The mask used to mask the image disregarded pixels outside of the lower center of the image (where the mask was commonly placed in the dataset), so there was a lower influence of backgrounds on the per-channel means (e.g. some images had white backgrounds).

Blue pixels performed the worst, probably because a larger number of images with face masks were actually of white face masks.

Suprisingly, even just the channel means alone give quite a respectable result (on a simple dataset like this).

Using the top two features increased accuracy from 98.75% to 100%. This means some features in our full feature vector used above were actually detrimental to performance.
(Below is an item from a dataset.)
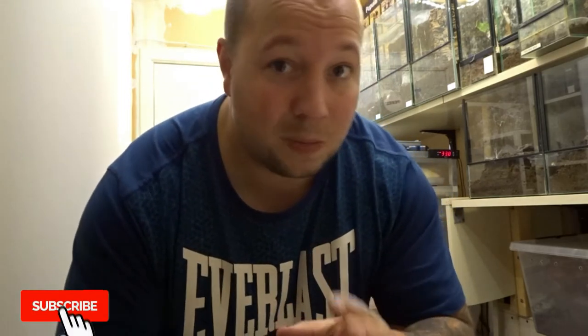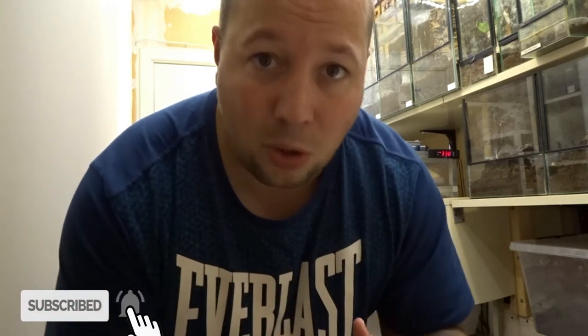Hey guys, welcome back to another video. Today it's a little bit of cleaning day and I'm going to put the names with the snakes on it — so the labels that come with the new snakes, I'm going to put that work in today. It's not a special video or something to show off, it's just a video to start my YouTube channel again. If you have any requests or something like that, you can put it down below.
Features are not weighted, so lower confidence features have the same impact as high confidence ones, worsening performance.

### Report Submission

Prepare a report of your solution as a commented Jupyter notebook (using markdown for your results and comments); include figures and results.
If you must, you can also upload a PDF document with the report annexed with your Python code.

Upload your report file to the Machine Learning Moodle Course page. Please make sure that your submission team corresponds to the team's Moodle group that you're in.